How common is “Earth-like”?
The harder number is the fraction of stars with a roughly Earth-sized planet in the habitable zone, the band of orbits where a planet could, in principle, hold liquid water on its surface. Pinning it down means extrapolating from that small Kepler patch, and the answer carries wide error bars.
An early estimate from Erik Petigura and colleagues in 2013 put it at about 22 per cent of Sun-like stars, give or take eight. A later analysis led by Steve Bryson at NASA’s Ames Research Center, combining Kepler’s final data with star measurements from Europe’s Gaia mission, landed higher, at roughly half, while spelling out a range from a conservative 7 per cent to an optimistic 75 per cent. On even the most cautious reading, NASA put the number of potentially habitable worlds in the galaxy at 300 million or more.
The figures are soft, and the researchers who produced them say so. What they support is a modest claim, which is that such worlds are probably not rare.
What the habitable zone does not tell you
The phrase carries more weight than it should. A planet in the habitable zone is one at the right distance for liquid water, given a suitable atmosphere. It is not a planet known to have water, an atmosphere, or anything at all living on it.

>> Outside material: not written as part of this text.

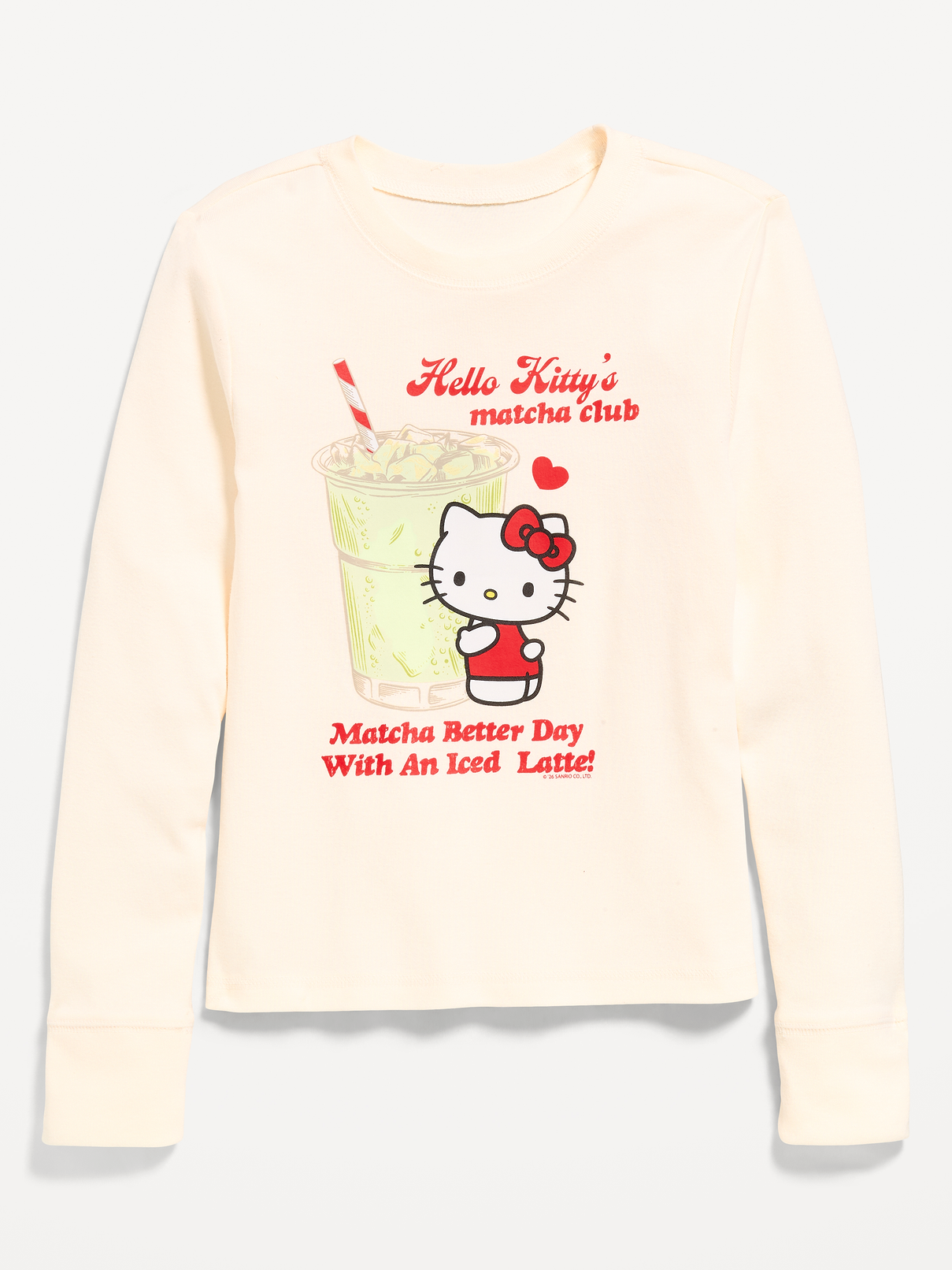 Image 1 of 2, crew neck, long sleeves, licensed graphic, © 2026 SANRIO CO. LTD. Used Under License., Product #1182387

Bryson’s team was careful on this point, noting that surface water is only one of many conditions life would require. As his colleague Ravi Kopparapu put it, habitability is not simply a matter of distance from a star, because not every star is alike and neither is every planet. A rocky world in the habitable zone is a candidate for further study, not a finding.
The question that is left
This is where the mystery moves. If small rocky planets in temperate orbits are common, then the galaxy has had a great many places, and a great deal of time, in which something could have arisen and made itself known.
So far, nothing has.
The physicist Enrico Fermi is said to have framed it over lunch in 1950 as a plain question: where is everybody? The radio searches that began with Frank Drake’s work in the 1960s, and continue today, have returned silence.
It is worth being careful about what that silence means. The searches so far have covered only a tiny fraction of the stars, the radio frequencies and the spans of time over which a signal might arrive, and a distant civilisation need not be broadcasting at all. The steps between a habitable-zone planet and a detectable neighbour, life beginning, growing complex, lasting, and choosing to signal, are entirely unmeasured. Absence of evidence, here, is not evidence of absence. It is mostly a measure of how little has been examined.
What to watch
Counting planets cannot settle this.
The next step is to look at them directly. The James Webb Space Telescope is already taking the measure of some nearby small planets’ atmospheres, though drawing a faint signal of life out of that data sits at the very edge of what it can do. The longer-term hope is NASA’s planned Habitable Worlds Observatory, a flagship designed to image a couple of dozen potentially Earth-like planets and read their atmospheres for gases that might, handled carefully, point to life. Whether the silence is telling us something, or only that we have barely begun to look, is a question for those instruments rather than for the census that raised it.